Please reproduce the data exactly, though every picture must stay out.

*** Opening of COLLECTED DATA ***

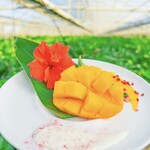 Blue Turtle Farm Mango Cafe - 料理写真:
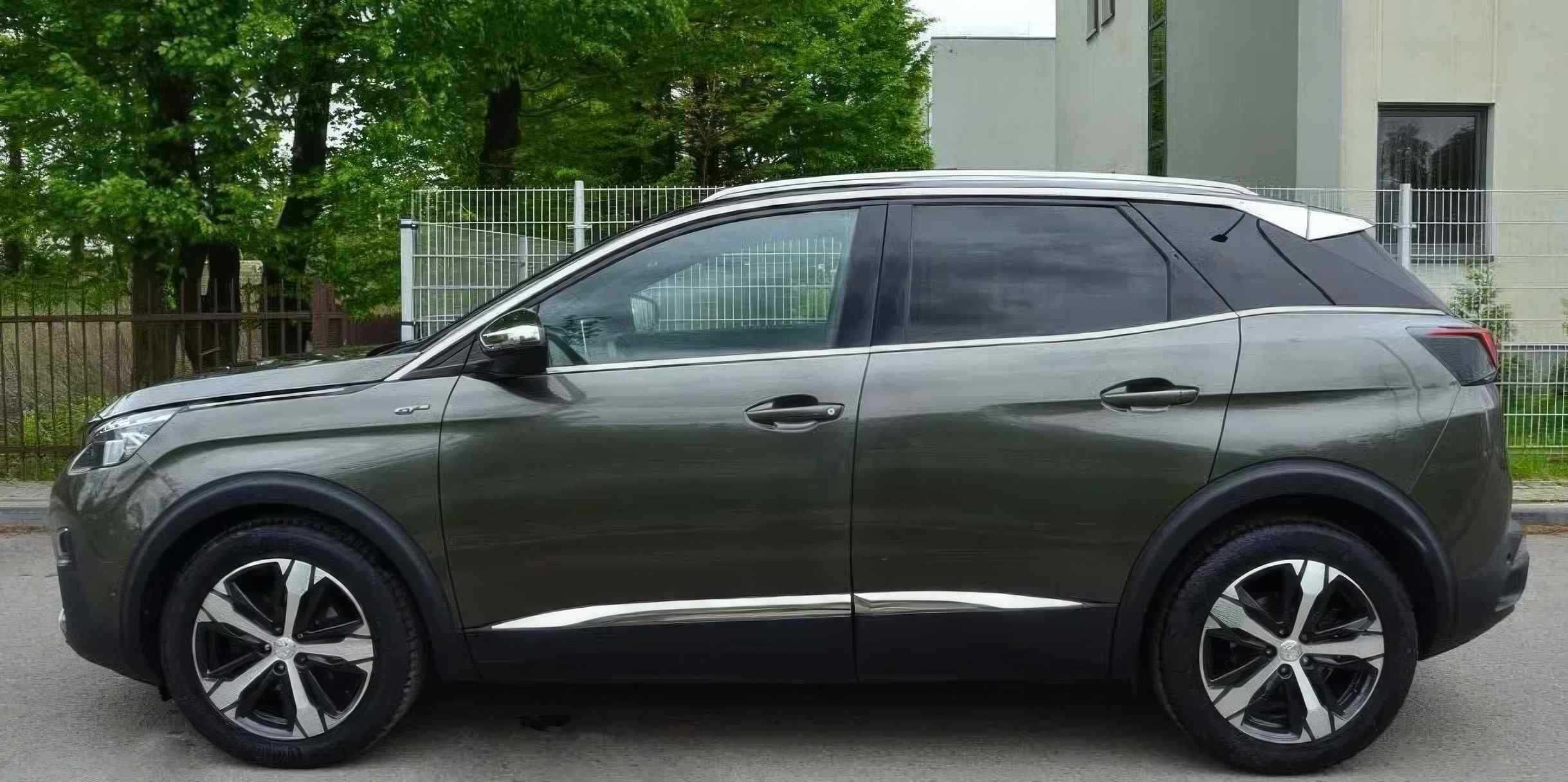 Peugeot         3008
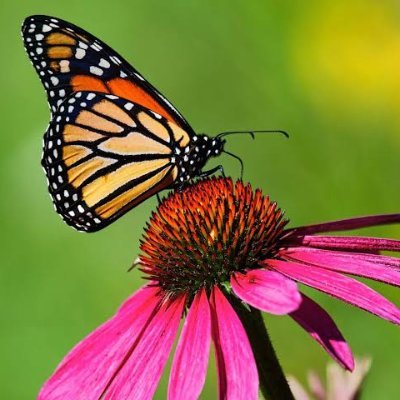 MuneneMunoru's profile picture. Africa Is Still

*** Close of COLLECTED DATA ***

• _RESULT_:
 Blue Turtle Farm Mango Cafe - 料理写真:
 Peugeot         3008
 MuneneMunoru's profile picture. Africa Is Still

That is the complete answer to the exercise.